Some reports suggest that in the future, TPAO will conduct drilling operations in contested waters around Cyprus. For the ultra-deepwater “Fatih” and “Yavuz” drillships with ratings of 3050m, the water depths in the Eastern Med present no problem, allowing them to drill on any of the demarcated Turkish or TRNC offshore blocks.
Turkey and TRNC signed a continental shelf delimitation agreement in September 2001. Turkey’s claim on the island’s EEZ partly overlaps with the RoC’s blocks 1, 4, 5, 6, and 7. Ankara also supports the TRNC’s claims over RoC’s Blocks 1, 2, 3, 8, 9, and 13, where the self-declared TRNC has demarcated Blocks F and G. Should TPAO start drilling in any of these areas, it could lead to a serious geopolitical – or even military – crisis.
After the conclusion in 2017 of the delayed First Offshore Licensing Round, Lebanon is looking ahead to the drilling of the first exploration well. A joint venture between Total (40 percent), Eni (40 percent), and Novatek (20 percent), the only bidding group in the tender, signed E&P Agreements (EPA) for Blocks 4 and 9 in February 2018. Subsequently, Lebanese authorities approved exploration work plans submitted by the Total-led consortium, paving the way for operations; drilling is expected to begin in Q4 2019.
Total’s stated priority is to drill a first well on Block 4, with a second expected to follow on Block 9. With regards to Block 9, the company said that the consortium is fully aware of the Israeli-Lebanese border dispute in the southern part. However, given that the main prospects are located more than 25km from the disputed area, exploration drilling on the acreage will have no interference at all with any fields or prospects located close to the southern border.

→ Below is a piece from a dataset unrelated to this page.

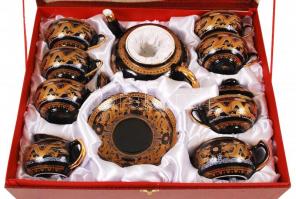 Nem használt 6 személyes kínai tojáshéj porcelán teáskészlet eredeti díszdobozban, hibátlan állapotb...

Following a once again delayed approval by the Council of Ministers, Nada Boustani Khoury, Minister of Energy, officially launched Lebanon’s Second Offshore Licensing Round in early April 2019. The acreage on offer includes Blocks 1, 2, 5, 8, and 10, which are located in three distinct major geological zones. Block 1 falls within the Lattakia Ridge zone in the NW of the EEZ, Blocks 5 and 8 are located in the deep Levant Basin in the SW, and Blocks 2 and 10 cover parts of the Levant margin in the NE and SE. The blocks have been chosen to offer a number of different play types, as each zone is characterized by different structural and sedimentological features.
As in the first bid round, interested companies will be required to form a consortium composed of three partners or more, with at least one prequalified as operator. Companies will be able to choose their partners and prepare their bids, which have to be submitted by January 31, 2020. Once bids are submitted, the LPA will evaluate them and prepare a recommendation to the Minister of Energy and the cabinet. Negotiations with successful bidders and subsequent awards are currently planned for late March 2020 and early April 2020, respectively.

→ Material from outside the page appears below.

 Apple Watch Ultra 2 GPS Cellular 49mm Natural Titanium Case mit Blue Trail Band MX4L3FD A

Figure 2. Lebanon’s exploration and bid blocks.*
Following several offshore gas discoveries in Israel between 2009 and 2013, current activity is focused on bringing the discovered resources onstream. Noble Energy’s Tamar Field (~10 Tcfg 2P) is the only producing offshore field, with Leviathan (~12.5 Tcfg 2P), also operated by Noble, currently under development. Leviathan’s first phase is more than 80 percent complete, on track to deliver first gas by the end of 2019.
Plans are also in place for the development of the Karish and Tanin fields. Operator Energean’s Field Development Plan (FDP) envisages a two-phase approach, with the Karish Field being developed first. The FDP includes the drilling of three development wells at the Karish Field and the installation of a new FPSO around 90 km from the shore. Development drilling started in March 2019, and first gas is planned for 2021. In a second phase, the Tanin Field development will follow, with the drilling of six wells. These will also be connected to the FPSO.

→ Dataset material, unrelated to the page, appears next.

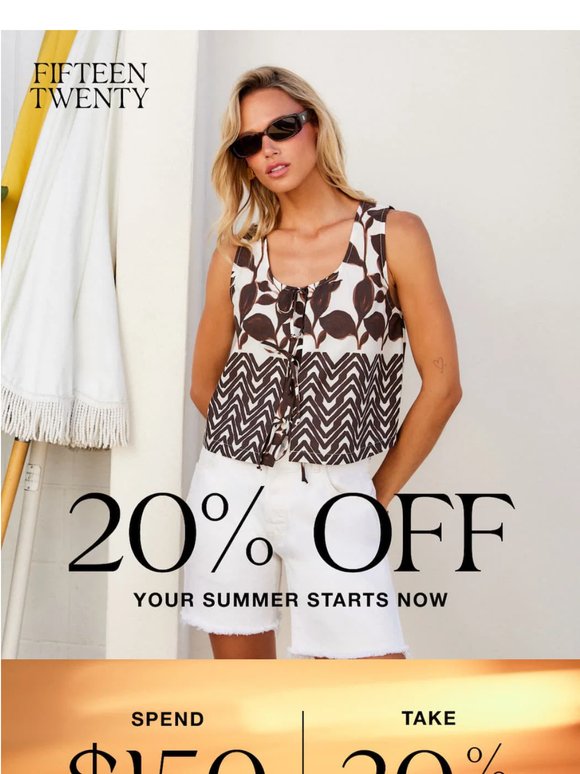 A little sunshine (and 20% off ☀️)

In terms of exploration, Energean is the only operator currently conducting exploration drilling.
In April 2019, it announced that its Karish North near-field exploration well has made a significant gas discovery in the Tamar B and C sands and the well is being deepened to test the hydrocarbon potential in the D4 horizon. Initial gas-in-place is estimated between 1-1.5 Tcf. Energean has drilling options for six further wells in its contract with Stena Drilling. The company has mapped various prospects and leads on the Karish and Tanin leases, as well as on the five exploration blocks it was awarded the First Offshore Licensing Round.
Further drilling in 2019 may be carried out by EDF subsidiary Edison, which operates the 399 Royee exploration license along the border with Egypt. While the first well on the acreage has been postponed on a number of occasions, Delek Drilling’s recent decision to acquire a 24.99 percent stake in the block may give the endeavor renewed momentum. However, drilling will have to start soon, as the license is only valid up to April 14, 2020. At that point the license will have reached its maximum term of seven years.
Israel’s Second Offshore Bidding Round (OBR2), launched in November 2018, may result in additional exploration activity in the country’s EEZ. The acreage offered for bidding in OBR2 includes 5 Zones (A to E) located south of the large gas fields presently being developed offshore Israel. Zones A, B, C, and D include four blocks each, while Zone E includes only three. Each block measures up to 400 sq km. Most of the area offered for bidding was held by various operators in the past, which acquired seismic data and developed exploration prospects that have not been drilled. The closing date for the submission of bids is June 17, 2019. Following a relatively timid response in the First Offshore Bidding Round, with only two companies submitting bids, Israel hopes for better participation this time. ExxonMobil is rumored to have expressed an interest.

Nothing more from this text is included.